Identify an approach and develop a tool


Develop a policy

Not yet completed

Establish common cost elements and definitions


Identify and report costs for programs of record and base capabilities

Not yet completed

Implement a common work breakdown structure

Not pursuing

Collect financial data from M&O contractors

Not yet completed

Publish and analyze data

Not yet completed

Source: GAO analysis of NNSA documents and interviews with NNSA officials.| GAO-19-101

In addition, NNSA generally has not followed six project management leading practices, including one that emphasizes the importance of collecting and documenting stakeholder requirements to define project scope. NNSA officials said the act included the basic requirements and project scope, and therefore stakeholders only needed to provide input on how to meet requirements in the act rather than identify their own; this input was not documented. However, the act did not provide specific or detailed requirements. Without collecting and documenting stakeholder requirements, NNSA will not have assurances that data will meet stakeholder needs, which could limit the effectiveness of the effort.

Why GAO Did This Study

GAO has identified challenges in determining and comparing costs across NNSA’s eight sites. Congress needs this information to carry out its oversight responsibilities and make budgetary decisions. The National Defense Authorization Act for Fiscal Year 2017 required NNSA to implement a common financial reporting system across all sites. Separately, in 2013, NNSA awarded a single M&O contract for the Y-12 and Pantex sites, which included a requirement to consolidate the two sites’ business systems.
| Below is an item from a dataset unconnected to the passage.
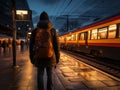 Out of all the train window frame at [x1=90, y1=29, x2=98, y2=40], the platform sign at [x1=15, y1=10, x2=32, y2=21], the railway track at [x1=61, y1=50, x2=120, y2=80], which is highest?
the platform sign at [x1=15, y1=10, x2=32, y2=21]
An explanatory statement accompanying the act included a provision for GAO to review the agency’s progress. This report examines (1) the status of the effort to consolidate the business systems at Y-12 and Pantex and the extent to which CNS and NNSA followed guidance and leading practices, and (2) the steps NNSA has taken in implementing common financial reporting across all eight sites and the extent to which this effort follows leading practices. GAO reviewed documentation for both efforts and compared it with leading practices, and interviewed NNSA officials and M&O contractors.

What GAO Recommends

GAO is making seven recommendations, including that NNSA should implement a common work breakdown structure and should follow leading practices to collect and document requirements to define project scope. NNSA generally agreed with six recommendations and neither agreed nor disagreed with one. GAO maintains that the recommendations are valid.